How do I explain the question that people have for me when they find out philosophy is a mandatory course in Liberal Arts?


The question is important. It shows how people feel and have felt for centuries about "academic" philosophy. They don't trust its value.


"Why do I have to think about irrelevant shit that is never going to effect my life?" "Isn't this stuff just over-thinking?" "What practical value does it have?"


This is what I get. Some people are natural thinkers and they don't feel this way, but most do. In Thomas Reid's day he represented the masses who asked these same questions of thinkers like David Hume. Hume said they couldn't prove objects, causality, or the notion of self. Not only was this annoying, it seemed impractical and almost a game (sophistry).
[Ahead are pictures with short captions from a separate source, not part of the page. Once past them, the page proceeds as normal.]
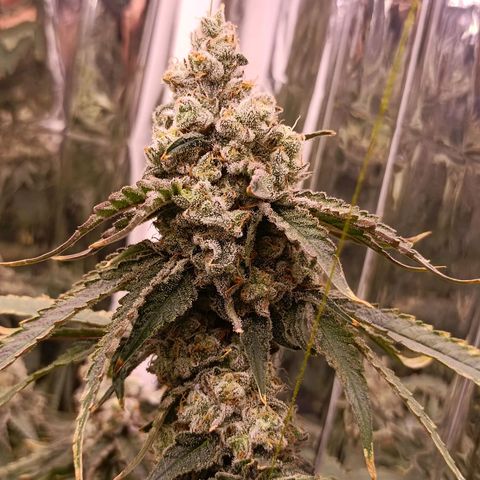 Wedding Crasher growlog timeline photo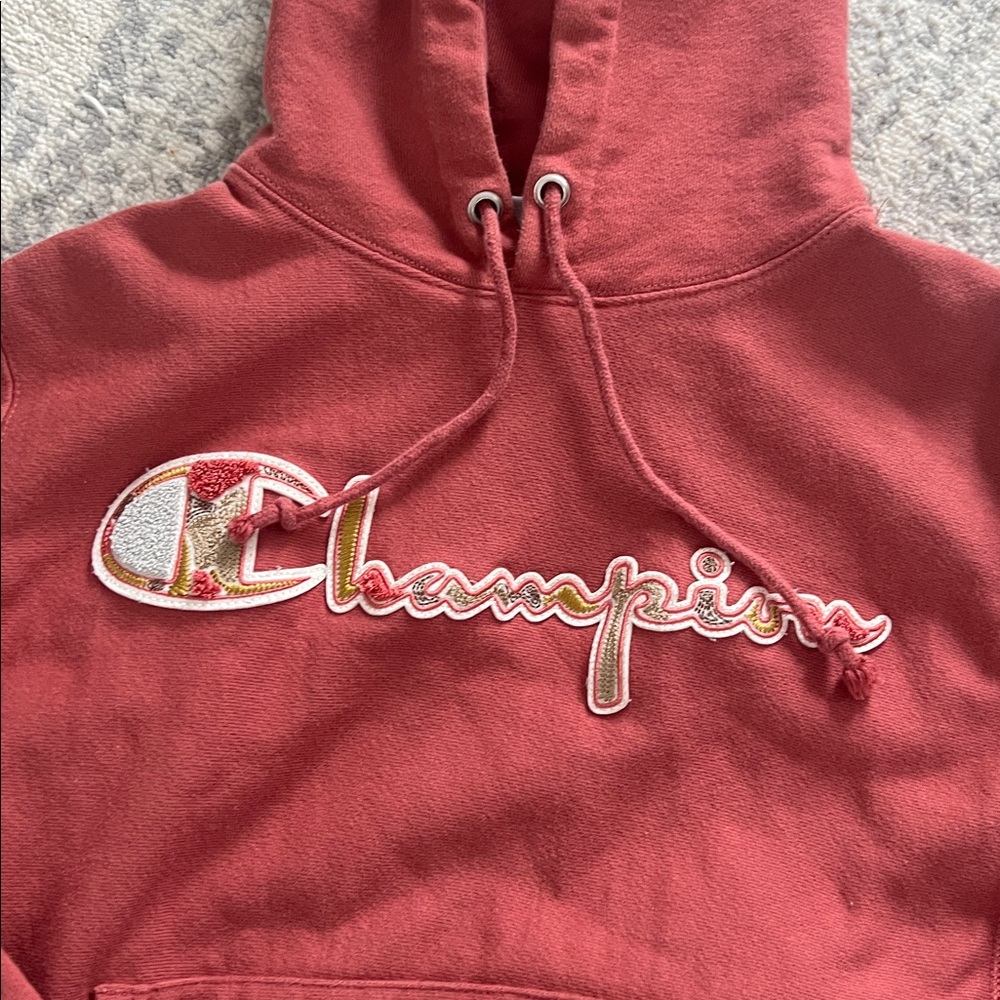 Champion Reverse Weave Pullover Hoodie Sweatshirt women’s small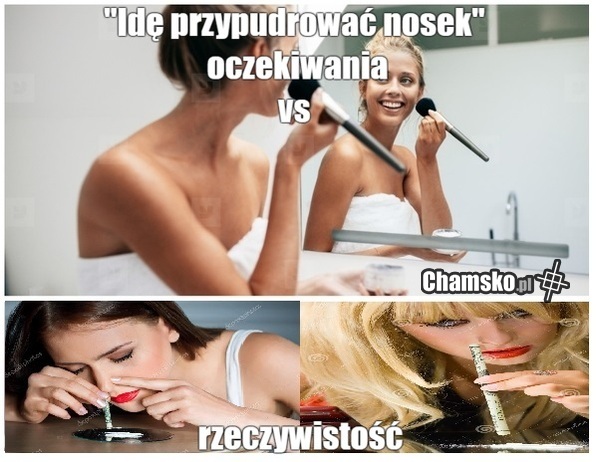 nosek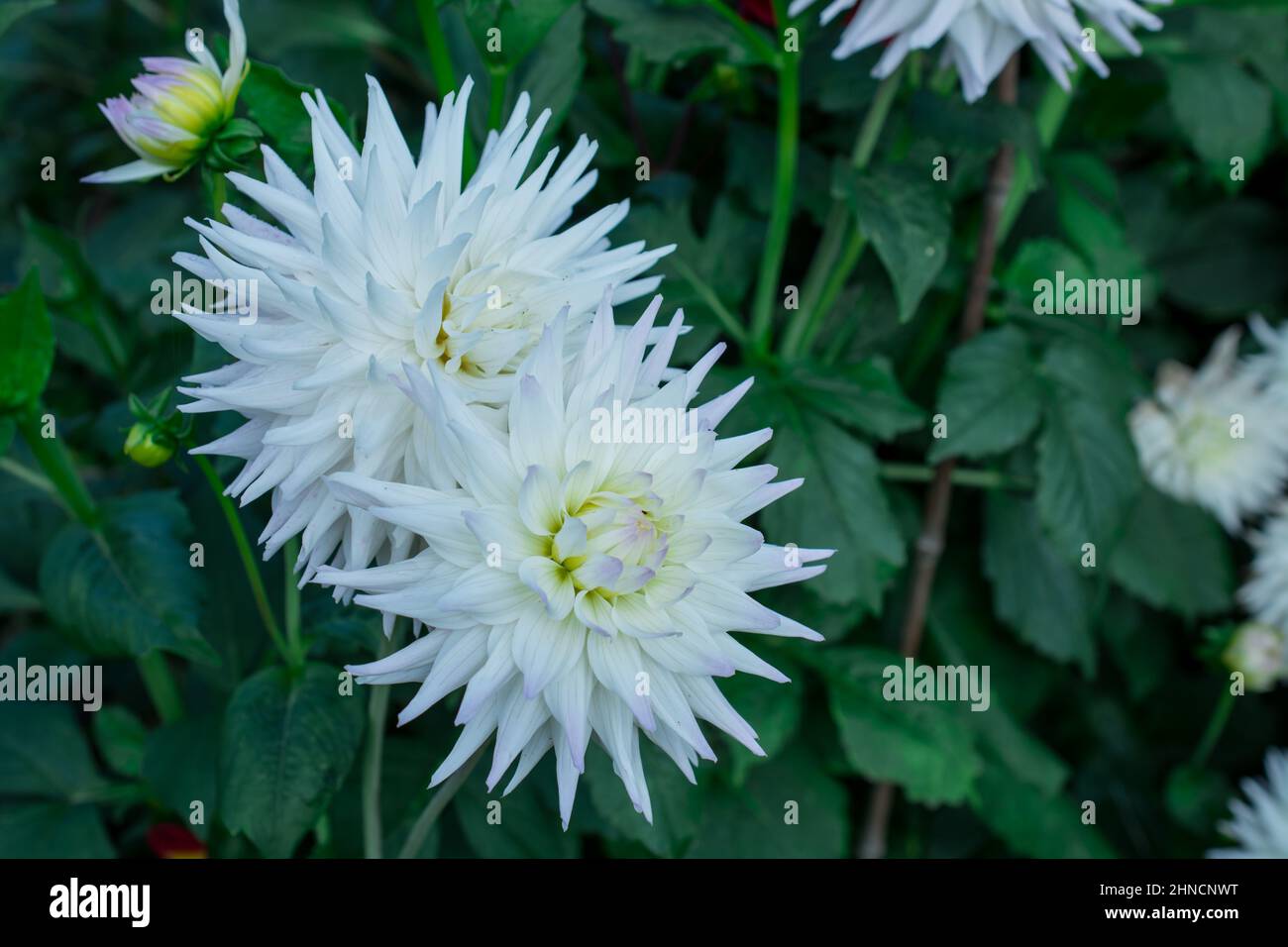 Foto von schönen Blumen Dahlia Stockfoto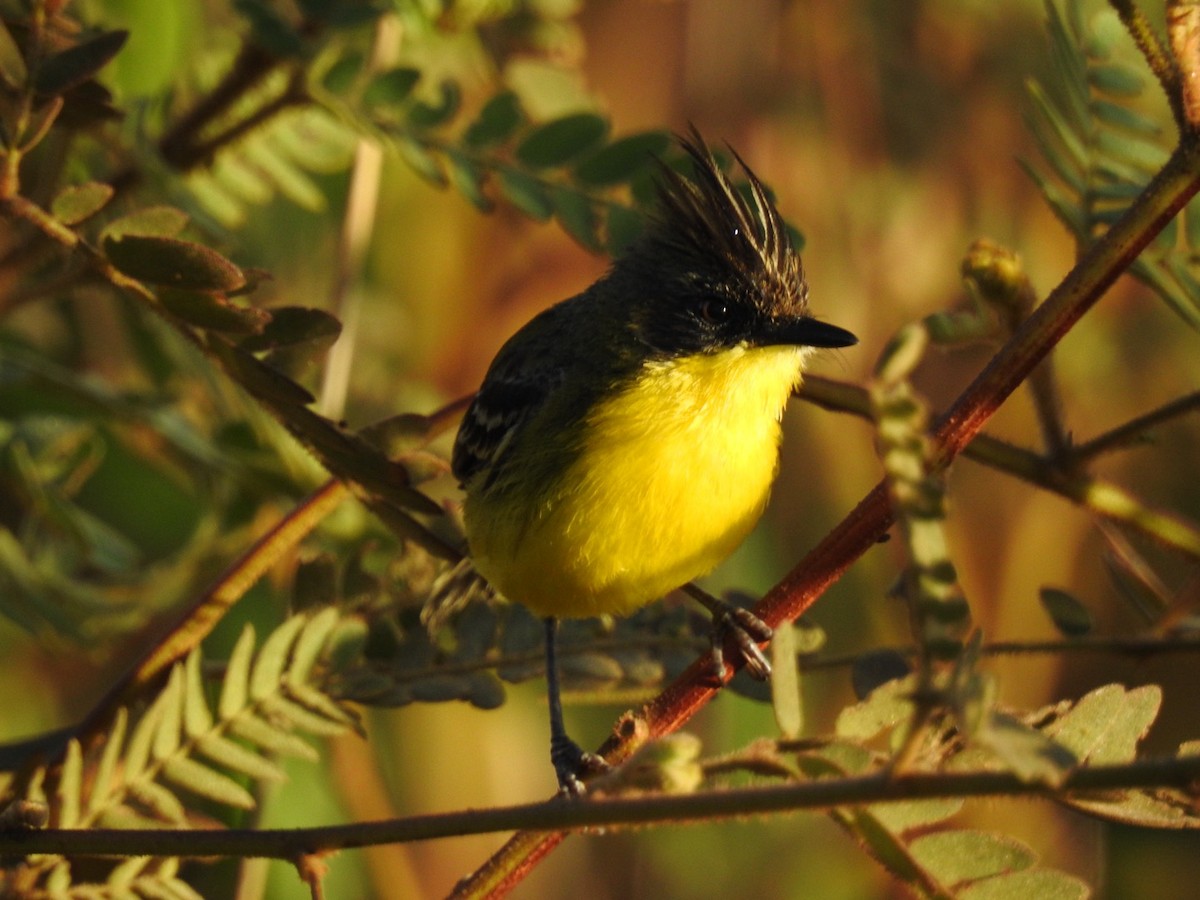 Crested Doradito - ML645619125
Reid's point was that the masses asked real questions (why is this important?) and they deserved real answers.


So, that's what we're setting out to do.


I will categorize the subsequent essays into two categories, 1) philosophy as a learning tool to maximize doing other, more seemingly relevant things and 2) philosophy as a corrective tool for social/cultural trends that have caused serious decay.


Firstly, I find that philosophical conversations, when done correctly (personally I prefer critical commonsense), stimulate our innate process intelligence. Make us real problem solvers about other more specific things. We may practice discussing "free will" in order to gain access to that part of our brain, to facilitate being, for example, inventive - building an electric car. It can be seen as a tool to do something else. It is an exercise or a learning tool that is still fundamental and serves a specific goal - practicing with bigger questions.


Secondly, I can make the case that social/moral problems have increased. When I do, I hope you can see how these problems cannot be fixed by specific "scientific" endeavors. Often, for example, people stuck in an intellectually impoverished society lack the tools for even diagnose intellectual poverty. They don't know that it needs fixing. Rand's point was that the world was falling apart and that everybody raised in "follower" culture (what I call a religious worldview or rote-only system) doesn't just fail to fix problems, they fail to see them. If the fundamental understanding that a failed society has operates on a philosophical level, then it requires a philosophical fix. We cannot fix three centuries of moral decay in a laboratory, for instance. Even though modern people see philosophers as silly (as they did in 1760) they still buy into cultural/moral language, which is, by the way, a form of philosophy. Deeper issues, like religion, language, freedom, politics and ethics are outside the domain of science and still the property of philosophy. So if you agree they need fixing, you can be convinced that working out these social/moral issues is the first step to fixing these large, real problems.